Il termine popolo attraversa tutta la storia, dall’antichità a oggi, ed è presente in ambiti politici,
giuridici, religiosi e culturali. Tuttavia, non ha mai avuto un significato unico e stabile: a seconda
dei contesti può indicare realtà molto diverse, come il popolo sovrano, il popolo eletto o i popoli
oppressi. Proprio per questo, non è una categoria neutrale o “naturale”, ma una costruzione storica
e simbolica che può essere usata per includere o escludere, unire o dividere, emancipare o subordinare.

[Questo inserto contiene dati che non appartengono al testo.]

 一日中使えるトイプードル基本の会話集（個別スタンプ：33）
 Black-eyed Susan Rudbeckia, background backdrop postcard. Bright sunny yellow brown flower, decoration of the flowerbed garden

Nel corso dell’età moderna e contemporanea ha assunto significati diversi: nell’Ottocento è stato
legato alla formazione degli Stati nazionali, mentre nel Novecento è stato usato sia per giustificare
ideologie razziste e totalitarie sia come strumento di rivendicazione democratica e autodeterminazione. Oggi resta un concetto chiave, al centro di tensioni tra identità nazionali, globalizzazione e
pluralismo culturale.
Echi di Storia si propone di analizzare queste tensioni in una prospettiva storica di lungo periodo, evitando semplificazioni e restituendo complessità al linguaggio che utilizziamo. Il programma
attraversa epoche e aree geografiche diverse: dai nazionalismi dell’Ottocento europeo alle fratture
del Novecento, dai Balcani post-Dayton al Medio Oriente contemporaneo, fino a temi come la
minoranza jenisch in Svizzera, il “Grande Gioco” in Asia centrale e il rapporto tra lingua, razza e
identità collettiva.
In questo intreccio di temi e contesti, il Festival mette in dialogo la storia delle idee con la storia
sociale e politica, la dimensione europea con quella globale.